WORK REQUEST: From the material below, return exactly the lines starting at the one that holds "Ssd wd black" and ending at the one that holds "7 Easy Egg Recipes". Pictures stay out of the answer.

━━━ EXTRACTED ENTRIES ━━━

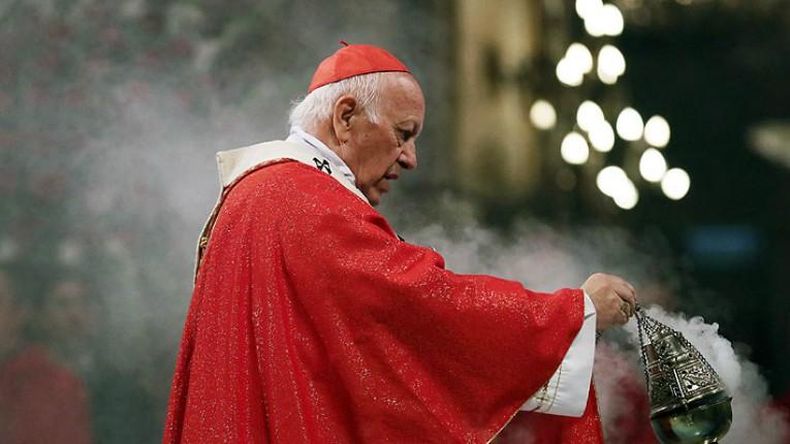 Imputaron a cardenal chileno por encubrimiento de abusos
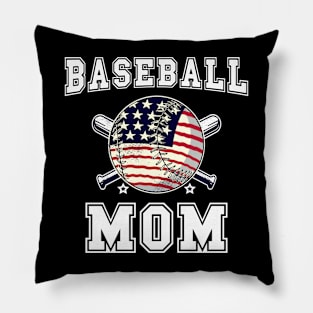 Baseball Mom Pillow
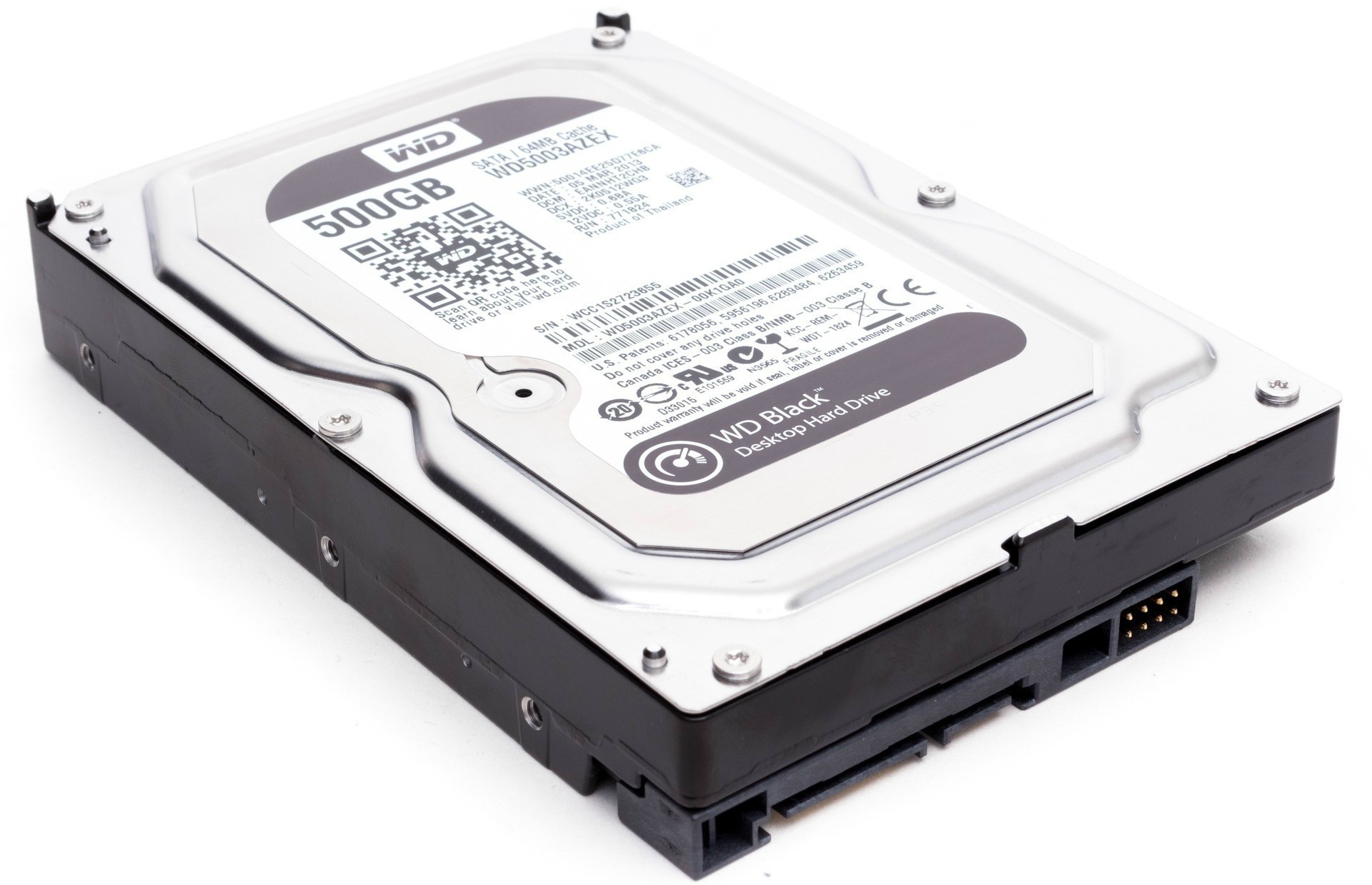 Ssd wd black 500gb. Western Digital WD Black 500 ГБ wd5003azex. WD Black 500gb 3.5 Smart. WD Black 500gb. WDC wd2503abyx.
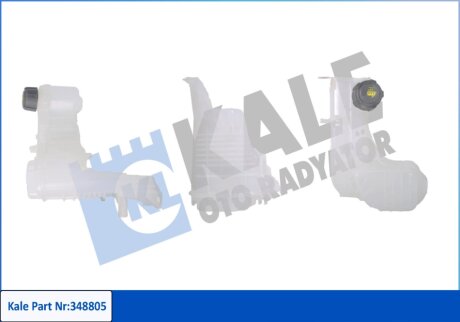 Бачок расширительный Renault Laguna Iii Expansion Tank Kale oto radyator 348805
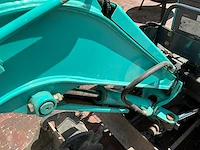 2013 kobelco sk10sr-2 minigraafmachine - afbeelding 20 van  51
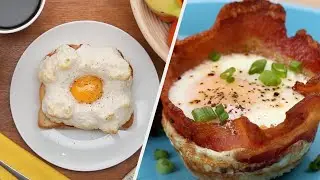 7 Easy Egg Recipes For All-Day Breakfast • Tasty Recipes
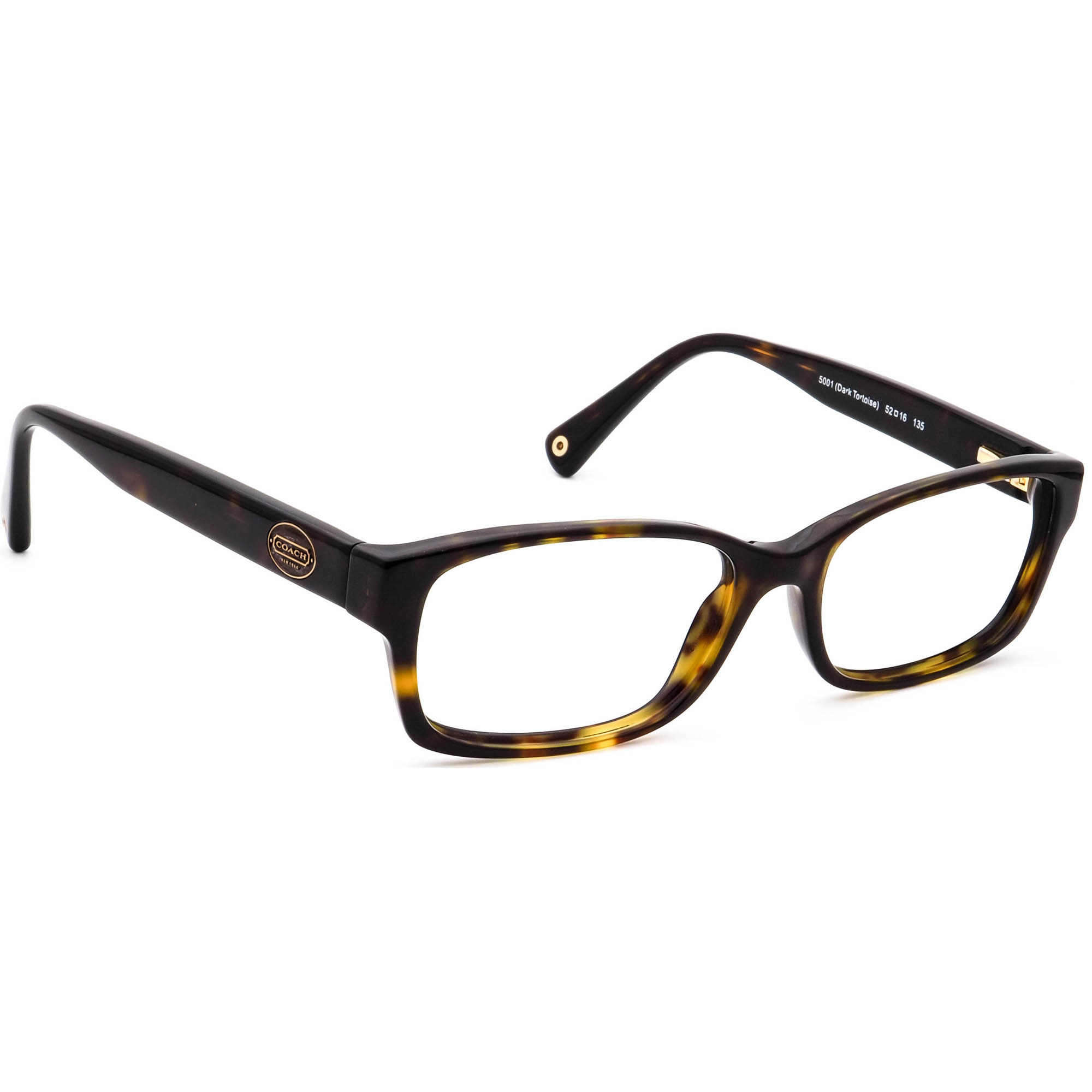 Coach - HC 6040 (Brooklyn) 5001 Dark Tortoise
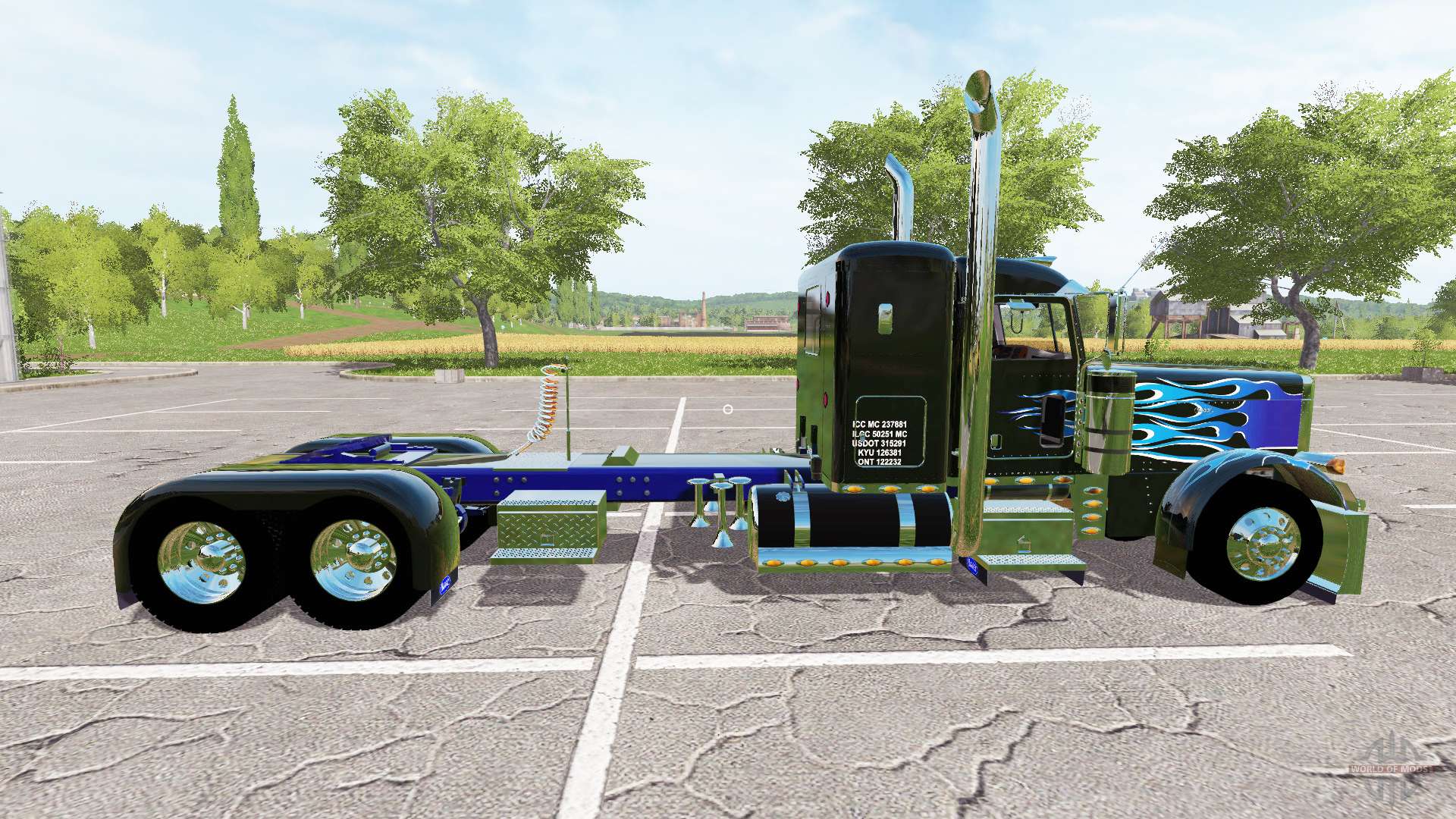 Peterbilt 379 custom for Farming Simulator 2017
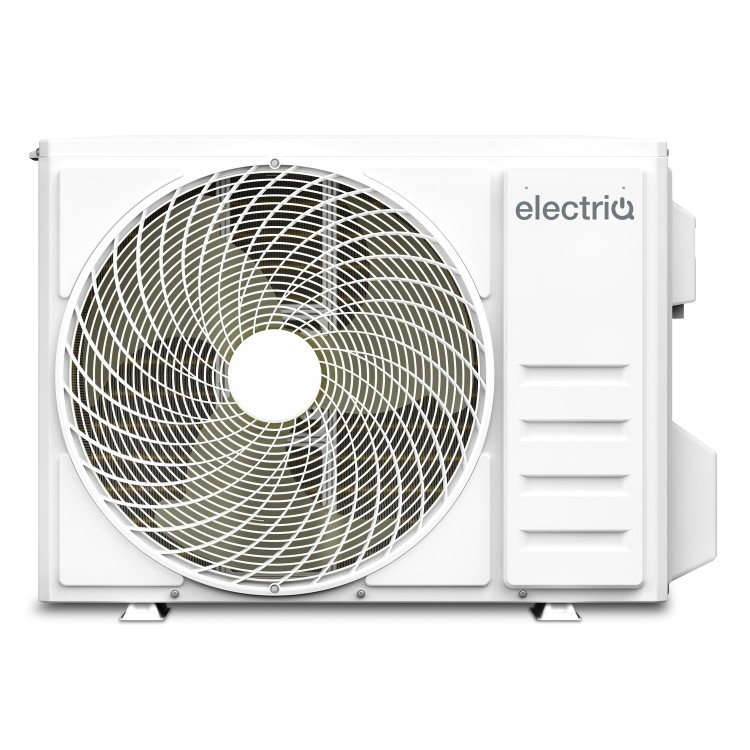 electriQ iQool 24000 BTU WiFi Smart A++ Mono Split Air Conditioner with Heat Pump and 5-Meter Pipe Kit Included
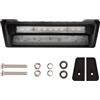 SUPAREE Luce a LED da 12 V per tenda da campeggio, colore ambra, 6500 K bianco e 1500 K ambra, 6000 lm, IP67, impermeabile, per barca, camper, camper, 1 pezzo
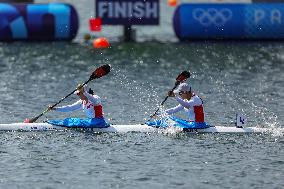 (PARIS2024) FRANCE-VAIRES-SUR-MARNE-OLY-CANOE SPRINT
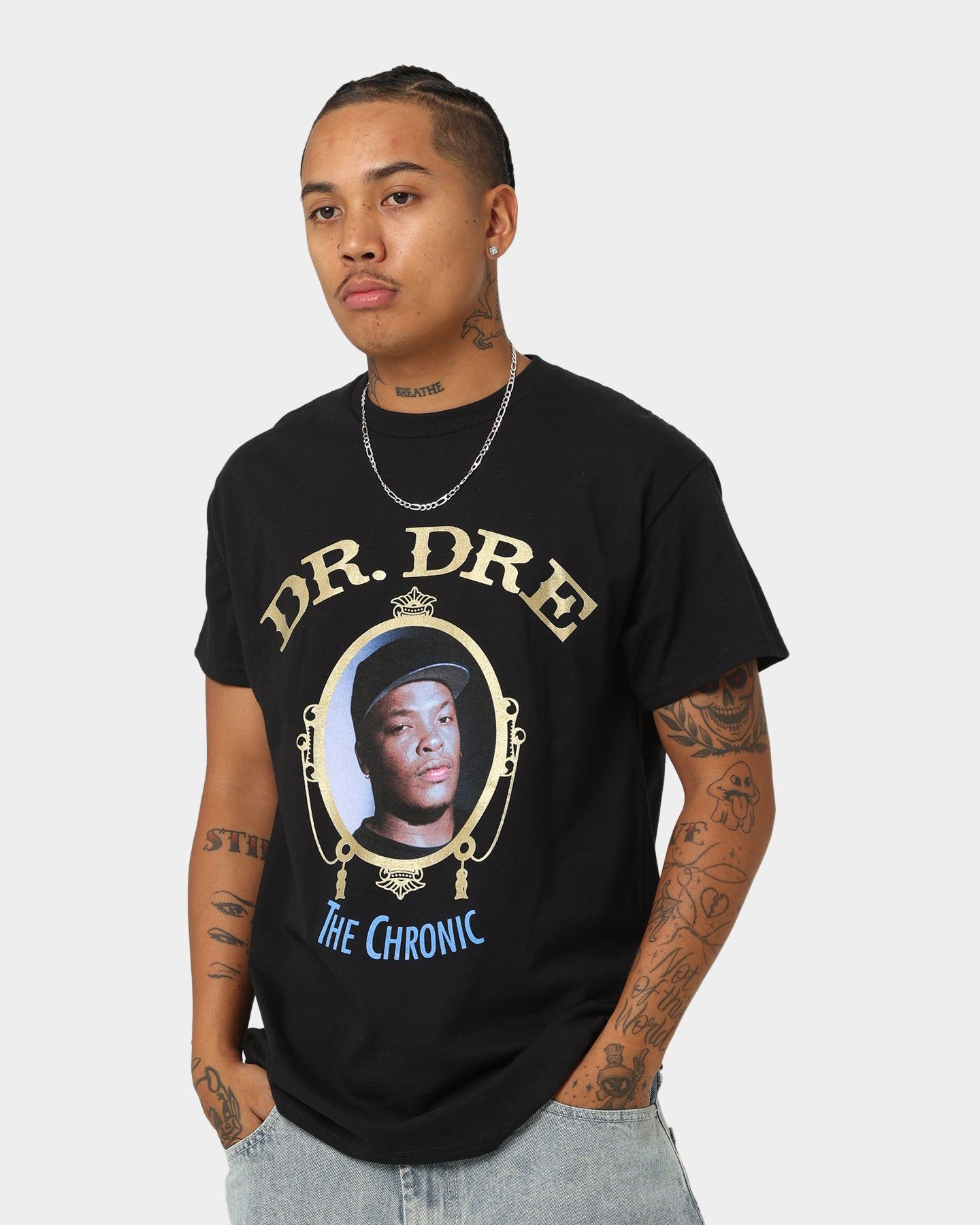 Dr Dre The Chronic T-Shirt Black sold by Culture Kings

━━━

RESULT OF THIS EXERCISE:
 Ssd wd black 500gb. Western Digital WD Black 500 ГБ wd5003azex. WD Black 500gb 3.5 Smart. WD Black 500gb. WDC wd2503abyx.
 Бачок расширительный Renault Laguna Iii Expansion Tank Kale oto radyator 348805
 2013 kobelco sk10sr-2 minigraafmachine - afbeelding 20 van  51
 7 Easy Egg Recipes For All-Day Breakfast • Tasty Recipes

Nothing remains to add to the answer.